By Jillian Altizer, Community Organizer
I don’t want kids. I never have. I vaguely remember playing with baby dolls when I was younger and being told, “When you have kids…” as a given life path for all people. But I cannot recall ever having a strong desire to have children of my own. Over the years I have compiled a list of responses to justify my choice when people meet me with surprise, condescension, or hostility. Here are a few:
Parenting looks really hard. I know the world is becoming more progressive but for most heterosexual couples I’ve observed, the burden of childcare and household chores falls on the woman. My mom is absolutely amazing and I see the energy she put into raising three kids while grocery shopping, cooking, cleaning, managing schedules, driving us around to different events, helping us solve our problems, and making sure we had all the essentials in life.

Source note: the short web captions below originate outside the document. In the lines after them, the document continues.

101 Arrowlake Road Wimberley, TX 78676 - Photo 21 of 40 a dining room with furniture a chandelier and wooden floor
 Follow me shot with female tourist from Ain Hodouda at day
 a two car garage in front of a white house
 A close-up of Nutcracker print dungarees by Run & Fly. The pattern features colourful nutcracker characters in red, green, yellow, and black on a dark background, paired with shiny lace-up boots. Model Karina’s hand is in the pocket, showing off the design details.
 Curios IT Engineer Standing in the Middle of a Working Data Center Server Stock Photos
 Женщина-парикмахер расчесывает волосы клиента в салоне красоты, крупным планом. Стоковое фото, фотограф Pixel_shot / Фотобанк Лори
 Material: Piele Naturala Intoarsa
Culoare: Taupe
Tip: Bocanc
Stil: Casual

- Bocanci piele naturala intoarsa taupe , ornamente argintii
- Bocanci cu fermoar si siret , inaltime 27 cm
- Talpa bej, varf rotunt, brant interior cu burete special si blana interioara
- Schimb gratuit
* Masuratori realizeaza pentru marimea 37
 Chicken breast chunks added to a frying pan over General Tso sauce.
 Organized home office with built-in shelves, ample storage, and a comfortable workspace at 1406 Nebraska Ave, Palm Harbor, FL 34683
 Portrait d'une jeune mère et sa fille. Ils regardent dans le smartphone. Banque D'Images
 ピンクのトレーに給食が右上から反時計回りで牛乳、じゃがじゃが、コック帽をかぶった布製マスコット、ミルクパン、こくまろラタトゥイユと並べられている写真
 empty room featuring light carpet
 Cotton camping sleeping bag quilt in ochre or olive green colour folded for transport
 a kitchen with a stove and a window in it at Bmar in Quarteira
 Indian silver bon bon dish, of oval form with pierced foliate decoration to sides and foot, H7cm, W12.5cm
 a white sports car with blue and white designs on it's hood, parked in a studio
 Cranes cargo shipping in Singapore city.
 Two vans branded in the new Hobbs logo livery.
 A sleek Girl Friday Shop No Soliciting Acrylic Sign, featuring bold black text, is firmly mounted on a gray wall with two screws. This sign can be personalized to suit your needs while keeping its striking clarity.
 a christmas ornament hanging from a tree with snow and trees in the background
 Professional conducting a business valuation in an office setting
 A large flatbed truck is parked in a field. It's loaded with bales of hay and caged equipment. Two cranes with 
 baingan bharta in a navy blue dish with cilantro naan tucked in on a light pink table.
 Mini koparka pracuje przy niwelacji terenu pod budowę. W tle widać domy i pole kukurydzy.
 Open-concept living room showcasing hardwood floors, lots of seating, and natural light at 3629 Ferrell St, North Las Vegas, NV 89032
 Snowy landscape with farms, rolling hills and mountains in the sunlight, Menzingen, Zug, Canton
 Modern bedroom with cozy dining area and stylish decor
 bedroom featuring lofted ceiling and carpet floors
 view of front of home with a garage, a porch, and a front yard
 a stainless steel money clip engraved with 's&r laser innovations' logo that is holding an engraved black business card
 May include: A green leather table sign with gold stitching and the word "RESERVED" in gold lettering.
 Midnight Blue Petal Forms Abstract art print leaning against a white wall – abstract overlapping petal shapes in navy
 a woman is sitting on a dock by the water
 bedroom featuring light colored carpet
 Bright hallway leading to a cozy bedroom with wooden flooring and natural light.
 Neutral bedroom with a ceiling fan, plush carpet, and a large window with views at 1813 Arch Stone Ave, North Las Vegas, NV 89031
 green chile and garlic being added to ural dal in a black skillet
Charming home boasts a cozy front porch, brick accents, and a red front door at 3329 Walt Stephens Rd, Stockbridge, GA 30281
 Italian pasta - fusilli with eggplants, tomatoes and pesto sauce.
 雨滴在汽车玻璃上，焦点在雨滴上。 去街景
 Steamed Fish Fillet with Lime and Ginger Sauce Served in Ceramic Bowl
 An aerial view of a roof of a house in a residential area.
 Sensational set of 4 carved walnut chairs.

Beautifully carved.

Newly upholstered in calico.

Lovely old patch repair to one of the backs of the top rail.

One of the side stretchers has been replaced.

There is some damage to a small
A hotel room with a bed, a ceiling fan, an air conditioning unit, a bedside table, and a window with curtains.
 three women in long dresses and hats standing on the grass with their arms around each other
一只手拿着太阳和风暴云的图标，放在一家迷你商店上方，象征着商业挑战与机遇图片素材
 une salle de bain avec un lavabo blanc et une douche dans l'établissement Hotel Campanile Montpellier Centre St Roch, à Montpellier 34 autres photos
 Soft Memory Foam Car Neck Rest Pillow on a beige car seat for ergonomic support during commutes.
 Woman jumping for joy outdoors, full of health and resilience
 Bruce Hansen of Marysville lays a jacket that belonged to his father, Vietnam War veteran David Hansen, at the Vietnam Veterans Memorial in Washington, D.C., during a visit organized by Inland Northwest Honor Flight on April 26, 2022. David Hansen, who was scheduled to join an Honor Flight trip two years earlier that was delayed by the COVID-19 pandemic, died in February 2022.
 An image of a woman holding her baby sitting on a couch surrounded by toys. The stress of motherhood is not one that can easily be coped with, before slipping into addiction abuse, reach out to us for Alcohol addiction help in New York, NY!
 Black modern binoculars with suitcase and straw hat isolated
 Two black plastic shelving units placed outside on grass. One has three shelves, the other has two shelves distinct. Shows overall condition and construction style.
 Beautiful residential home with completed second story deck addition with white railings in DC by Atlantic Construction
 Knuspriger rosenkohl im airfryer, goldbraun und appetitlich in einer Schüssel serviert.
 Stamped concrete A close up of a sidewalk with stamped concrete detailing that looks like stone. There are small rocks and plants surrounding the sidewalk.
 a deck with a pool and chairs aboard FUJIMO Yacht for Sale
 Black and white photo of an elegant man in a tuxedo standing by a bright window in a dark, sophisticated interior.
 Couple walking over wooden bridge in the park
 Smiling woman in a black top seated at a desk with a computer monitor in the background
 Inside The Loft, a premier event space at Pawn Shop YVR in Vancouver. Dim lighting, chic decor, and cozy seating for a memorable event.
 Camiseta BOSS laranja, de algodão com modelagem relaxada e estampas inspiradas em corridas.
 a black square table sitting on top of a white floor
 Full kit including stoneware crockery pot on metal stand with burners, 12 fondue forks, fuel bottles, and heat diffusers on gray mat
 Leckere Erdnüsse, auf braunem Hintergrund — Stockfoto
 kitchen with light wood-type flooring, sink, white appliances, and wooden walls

And she did all that with a smile and declarations about how much she loves being a mom. I cannot begin to express my gratitude, but could I perform the same labors with an impossibly cheery attitude? I doubt it.
2. It takes a village
I could be a mother, but I’d rather swoop in and be the Cool Aunt that gives the amazing and exhausted parent(s) a chance to shower and get out of the house. As much as I don’t want kids of my own, I really do enjoy them. I love the way babies stare right into your eyes, how young kids find absolute delight in ordinary things like fallen leaves, and the unique perspective adolescents bring when they start thinking critically. I look forward to enjoying all these beautiful moments with the children of my friends and siblings without losing sleep, changing diapers, dealing with tantrums, etc.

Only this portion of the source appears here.